TASK TO COMPLETE »
In the entries below, begin at the line with "Brother TN-249BK laserkasetti, musta" and stop after the line with "Blogger Mr. Roman"; output those lines exactly and omit the pictures.
Segment Start: LISTED ENTRIES
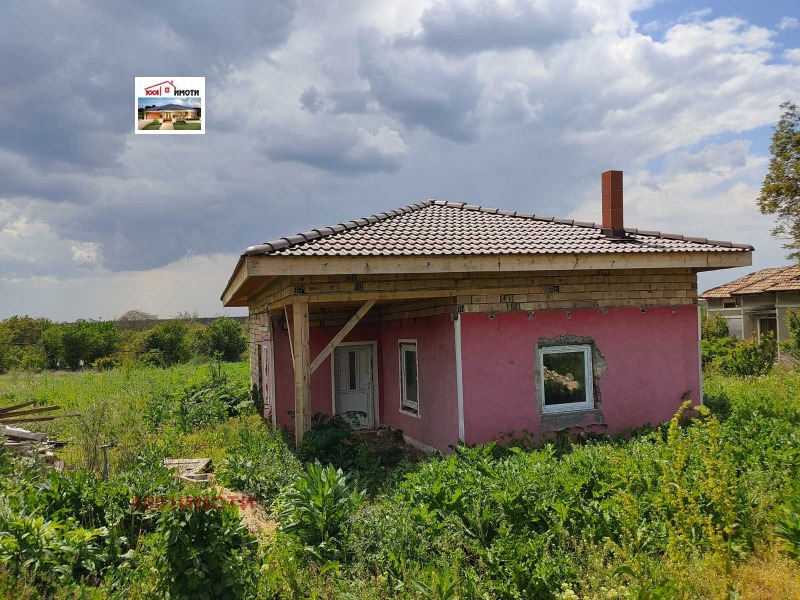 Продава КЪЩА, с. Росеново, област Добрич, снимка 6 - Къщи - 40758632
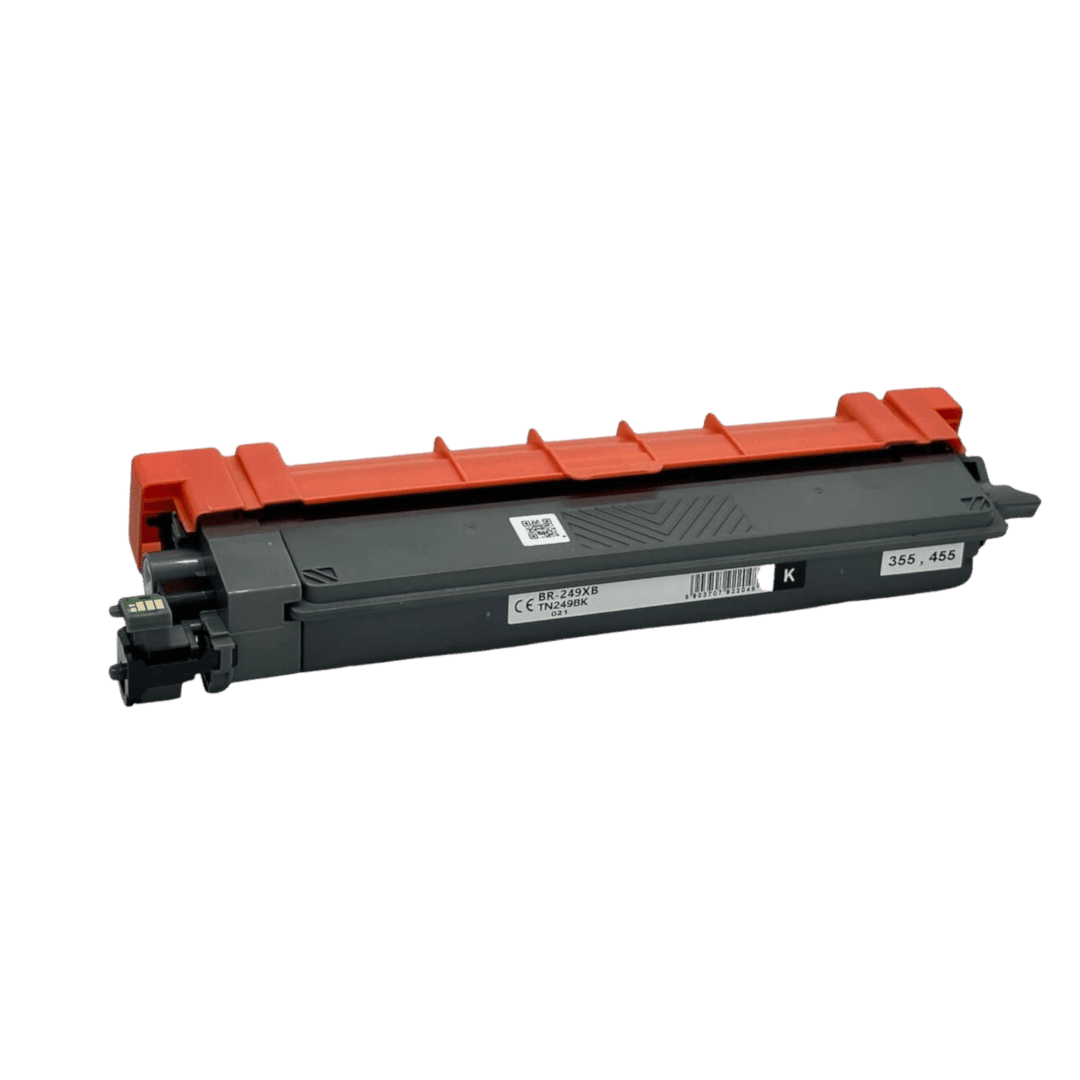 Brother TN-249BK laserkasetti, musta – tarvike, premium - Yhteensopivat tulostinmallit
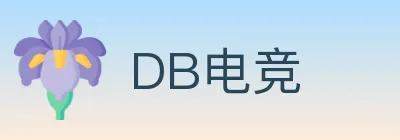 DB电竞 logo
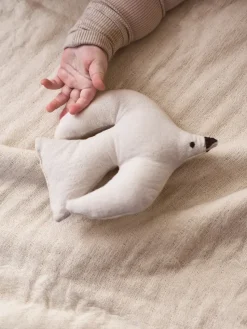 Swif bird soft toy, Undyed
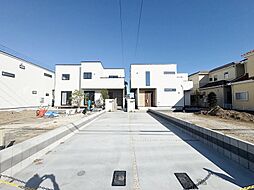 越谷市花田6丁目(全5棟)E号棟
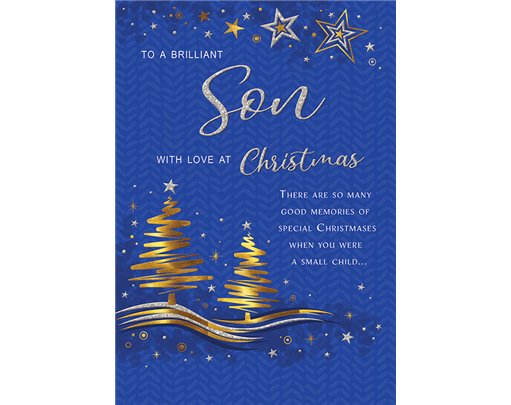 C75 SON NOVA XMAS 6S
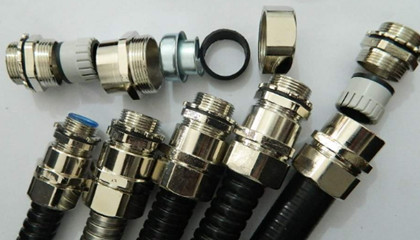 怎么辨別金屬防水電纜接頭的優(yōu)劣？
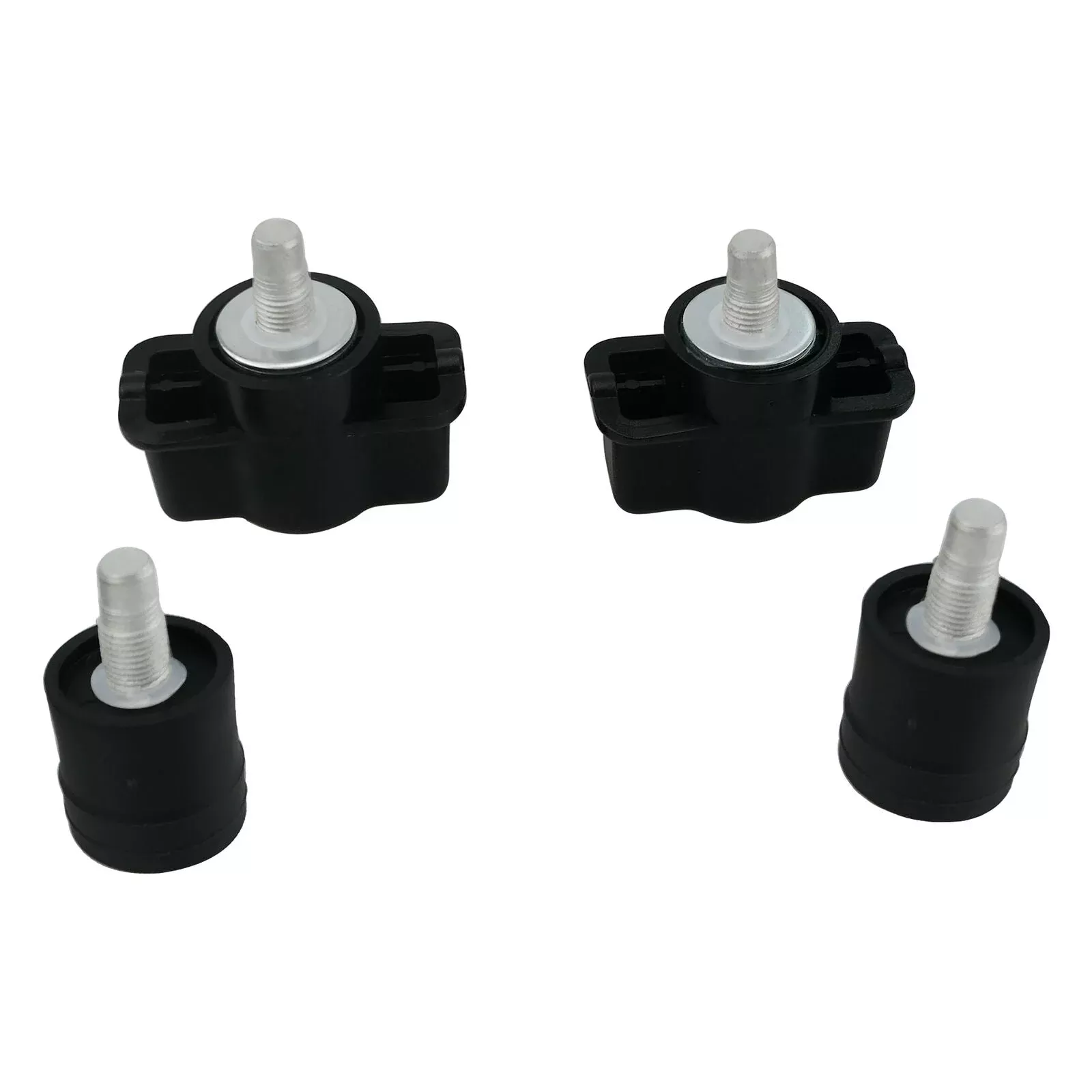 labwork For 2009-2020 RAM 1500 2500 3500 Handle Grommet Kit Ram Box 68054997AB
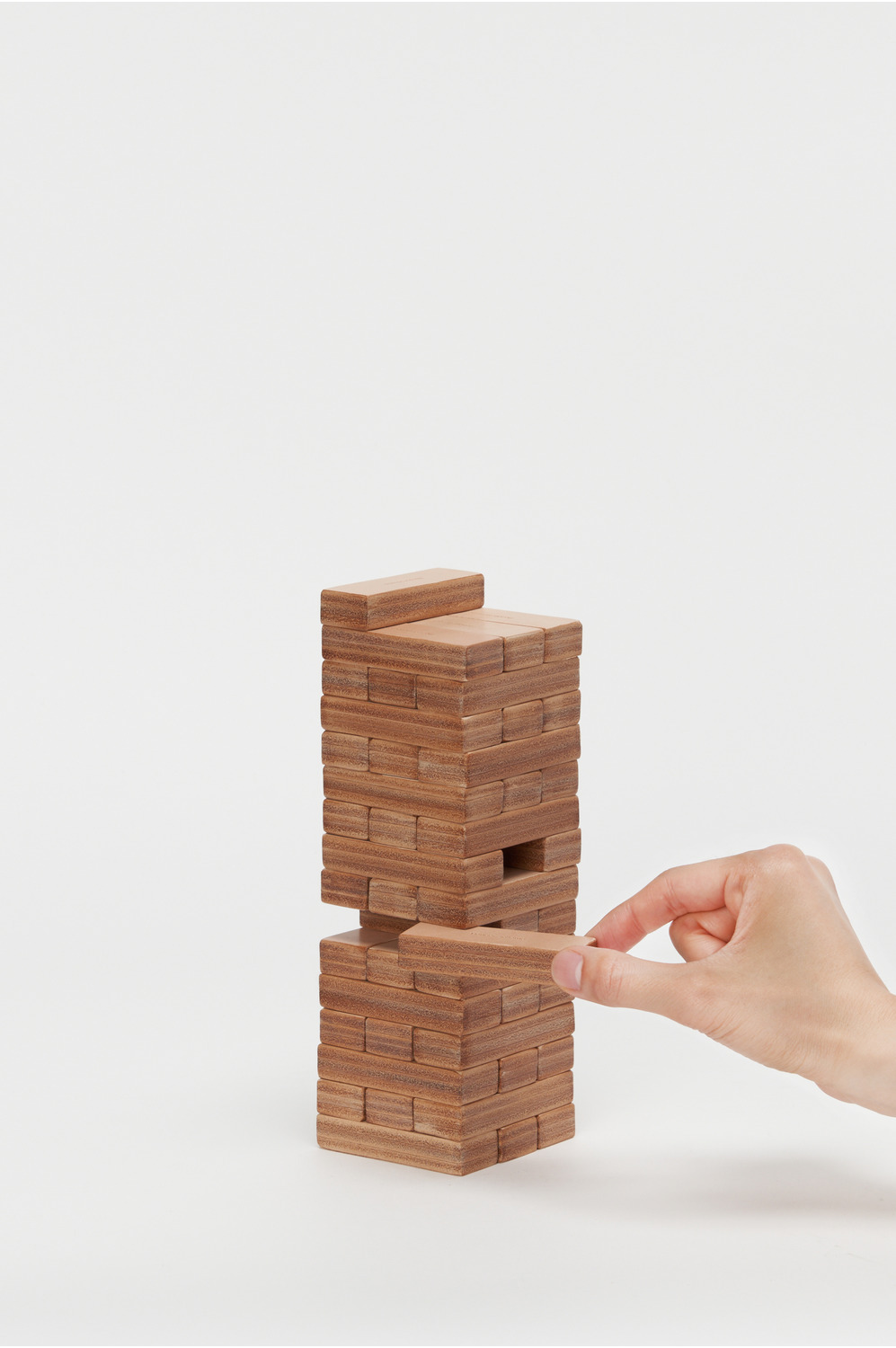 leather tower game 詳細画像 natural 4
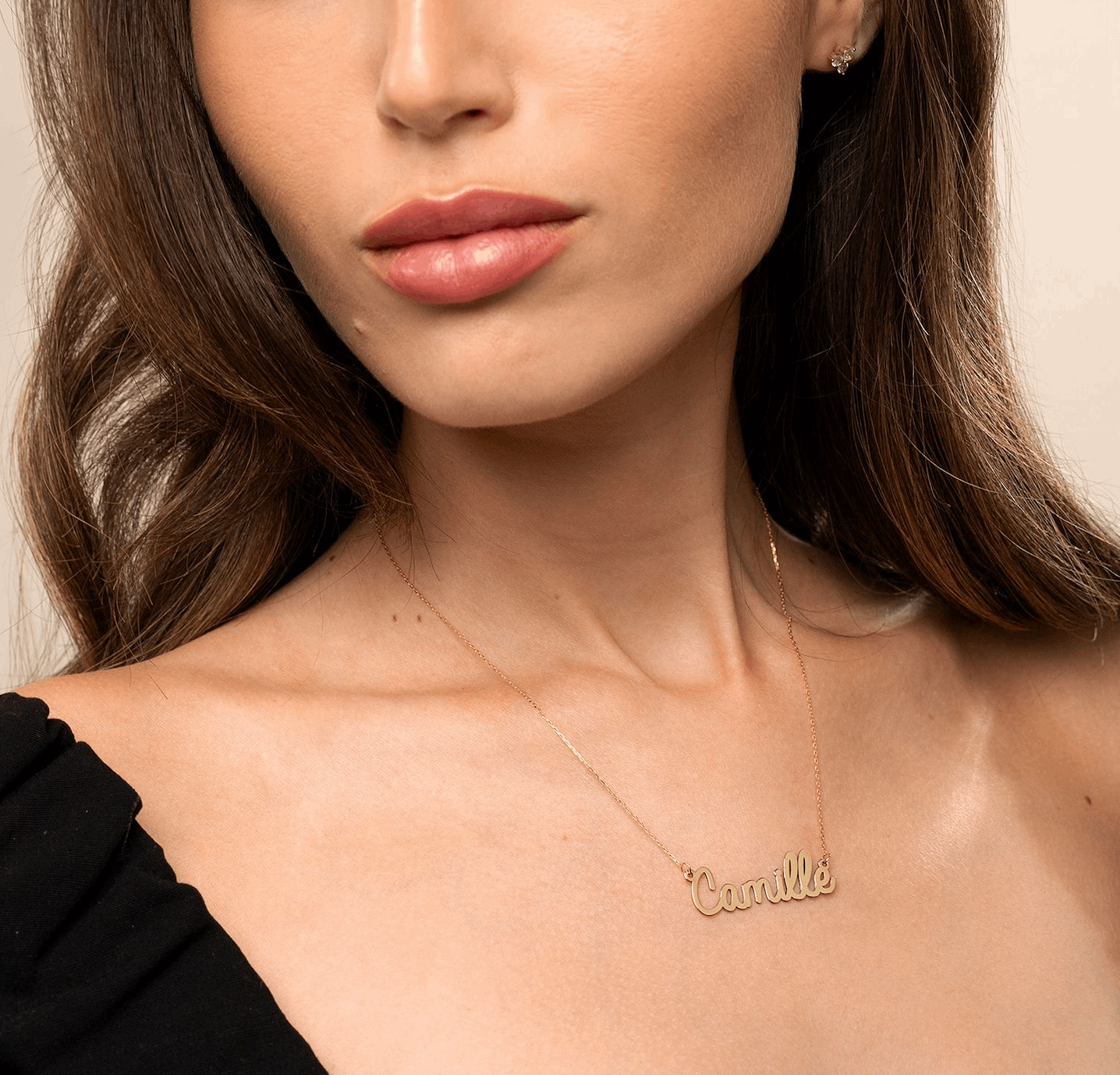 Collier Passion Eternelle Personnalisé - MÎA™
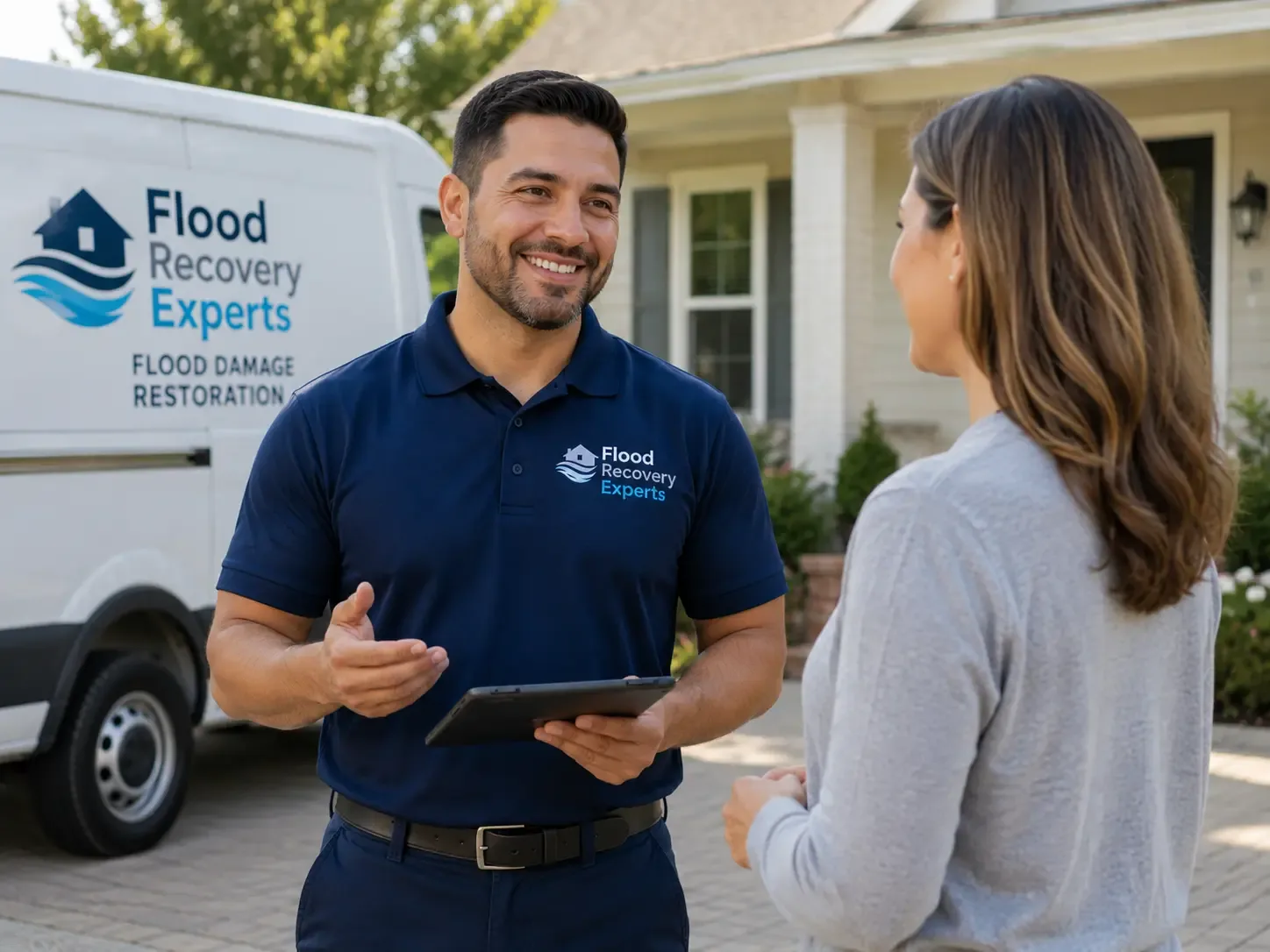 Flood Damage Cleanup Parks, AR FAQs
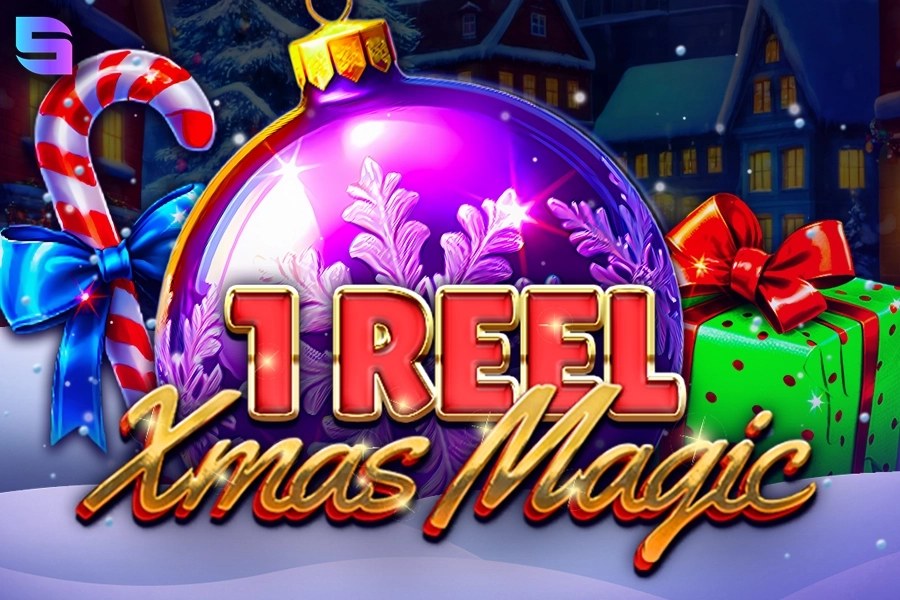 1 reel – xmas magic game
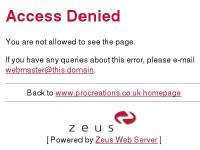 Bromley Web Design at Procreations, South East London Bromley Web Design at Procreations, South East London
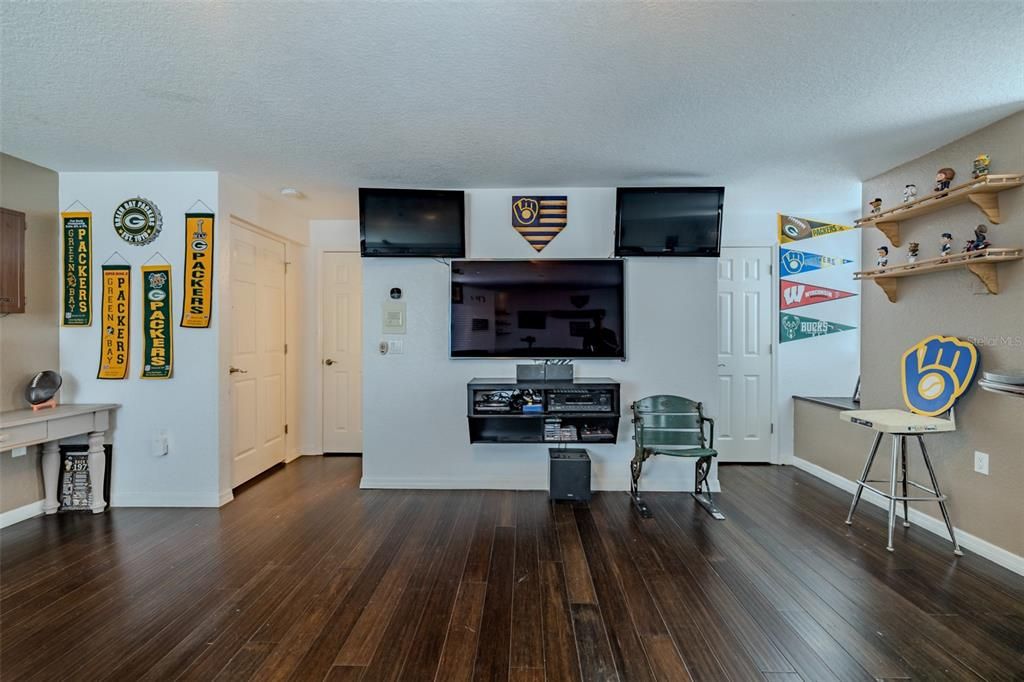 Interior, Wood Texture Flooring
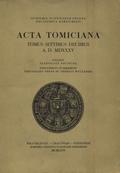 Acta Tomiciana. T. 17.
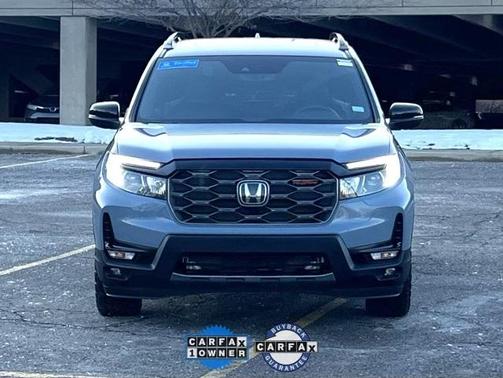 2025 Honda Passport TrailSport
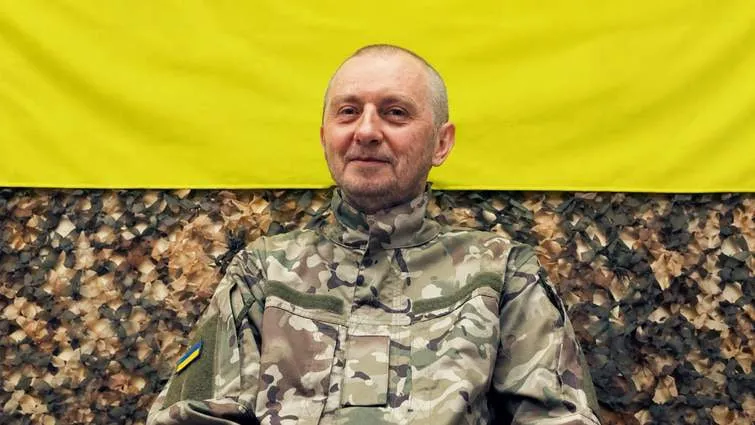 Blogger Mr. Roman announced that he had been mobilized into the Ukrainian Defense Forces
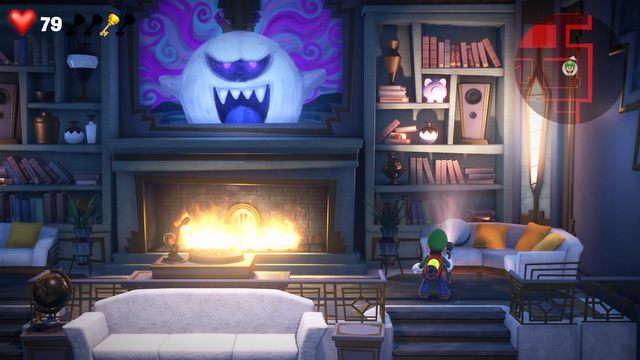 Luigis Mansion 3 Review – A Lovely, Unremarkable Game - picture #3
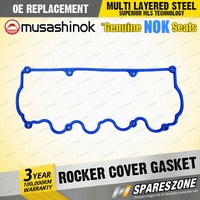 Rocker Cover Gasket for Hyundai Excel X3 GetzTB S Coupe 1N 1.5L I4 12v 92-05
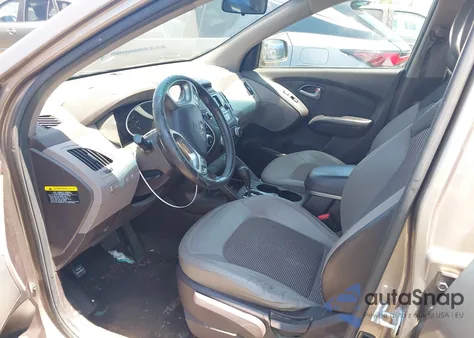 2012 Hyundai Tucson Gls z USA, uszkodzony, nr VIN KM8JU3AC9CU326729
Segment End: LISTED ENTRIES
ANSWER BOX »
 Brother TN-249BK laserkasetti, musta – tarvike, premium - Yhteensopivat tulostinmallit
 DB电竞 logo
 Swif bird soft toy, Undyed
 越谷市花田6丁目(全5棟)E号棟
 C75 SON NOVA XMAS 6S
 怎么辨別金屬防水電纜接頭的優(yōu)劣？
 labwork For 2009-2020 RAM 1500 2500 3500 Handle Grommet Kit Ram Box 68054997AB
 leather tower game 詳細画像 natural 4
 Collier Passion Eternelle Personnalisé - MÎA™
 Flood Damage Cleanup Parks, AR FAQs
 1 reel – xmas magic game
 Bromley Web Design at Procreations, South East London Bromley Web Design at Procreations, South East London
 Interior, Wood Texture Flooring
 Acta Tomiciana. T. 17.
 2025 Honda Passport TrailSport
 Blogger Mr. Roman announced that he had been mobilized into the Ukrainian Defense Forces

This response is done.